__Extracted material__.
>>>

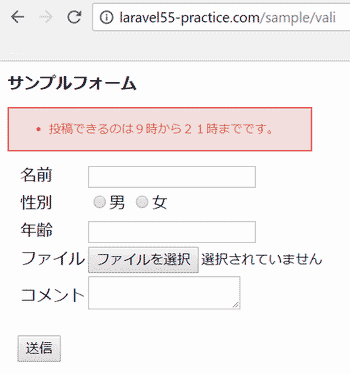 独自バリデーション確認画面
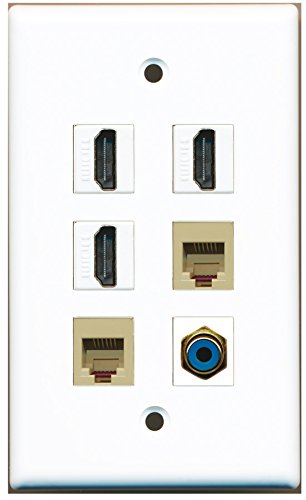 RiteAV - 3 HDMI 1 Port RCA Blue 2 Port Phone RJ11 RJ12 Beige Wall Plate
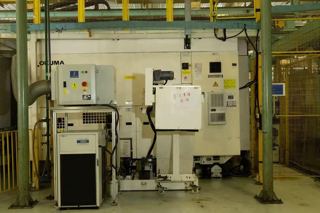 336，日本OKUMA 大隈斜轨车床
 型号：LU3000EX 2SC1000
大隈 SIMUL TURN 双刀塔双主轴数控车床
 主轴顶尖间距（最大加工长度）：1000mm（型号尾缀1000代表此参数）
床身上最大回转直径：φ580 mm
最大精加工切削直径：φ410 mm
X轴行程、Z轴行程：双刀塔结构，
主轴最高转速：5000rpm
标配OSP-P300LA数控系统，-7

<<<
>>>

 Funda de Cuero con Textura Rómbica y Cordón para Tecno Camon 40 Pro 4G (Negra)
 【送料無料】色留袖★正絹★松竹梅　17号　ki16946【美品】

<<<

__Requirement__. Using the records above, return word for word the lines that begin at the one containing "336，日本OKUMA 大隈斜轨车床" and end at the one containing "标配OSP-P300LA数控系统，-7", both of them included and no pictures.

__Task answer__.
 336，日本OKUMA 大隈斜轨车床
 型号：LU3000EX 2SC1000
大隈 SIMUL TURN 双刀塔双主轴数控车床
 主轴顶尖间距（最大加工长度）：1000mm（型号尾缀1000代表此参数）
床身上最大回转直径：φ580 mm
最大精加工切削直径：φ410 mm
X轴行程、Z轴行程：双刀塔结构，
主轴最高转速：5000rpm
标配OSP-P300LA数控系统，-7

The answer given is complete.